So really, it was nothing to come straight home. It was easier for me than being left on my own with a new baby to cope!

And with the whole 'five children' thing: The ONLY difference between this baby and the first three babies is that I now recognise the feelings and problems (mainly breastfeeding) that I have in the early post-natal period, so I can tackle them sooner rather than letting them get too bad and suffering for it in the long term.

I still experience problems and I still get upset about them.......

I know that it's normal to get to 4pm and start to feel, well....flat. To feel really apprehensive about the approaching rush hour which won't finish until 10pm when the kitchen is tidy and the baby's bathed and fed.

I know that it's normal to cry about nipples and boobs........and to want to get on your hand and knees to kiss the feet of the person who invented nipple shields!

I know it's normal to feel upset that you can't give everyone (husband included) what they need straight away.


But despite knowing all this, I'm still scared.

I love my sleep.

Labour hurts. I don't enjoy it.

I'm finding that I can't endure breastfeeding issues as well as I once could.

I wonder how I'm going to cope when it's just me and five children......with two school runs, three meals to organise and washing to do every single day.

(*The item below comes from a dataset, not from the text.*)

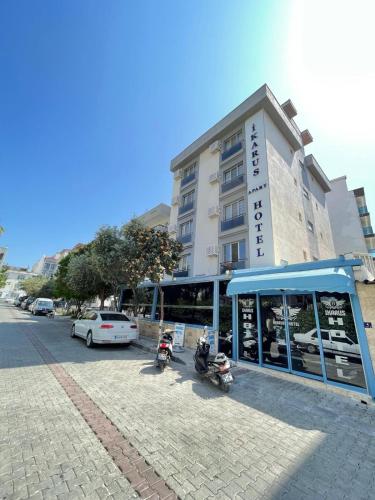 Ikarus Hotel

Some days, my husband and I see each other, but we don't really connect.


I get asked all the time: "Are you going to have more?" (and I don't mind being asked, so don't feel bad if you have :D).

But it makes me think.

Could I?

If God asked me to have another baby.........well, to be honest, the thought of it scares me. A lot. I'm just like anyone else: I don't enjoy labour, sleep deprivation, loss of personal space, breastfeeding pain and putting the needs of others before me.

I'm not dwelling on the issue - it's quite simple, really. If God wants us to have another baby, He'll make it happen and He'll bless us for being obedient, as has happened this time. 

The issue is that despite being 'a supermum' and despite my experience, I'm just a very ordinary person who struggles to live out the call God has placed on my life on a daily (and sometimes moment to moment) basis. Sure, I love motherhood and I love babies and being a SAHM........but I'm still just an ordinary person who experiences all the fears and doubts and uncertainty that comes with having a newborn.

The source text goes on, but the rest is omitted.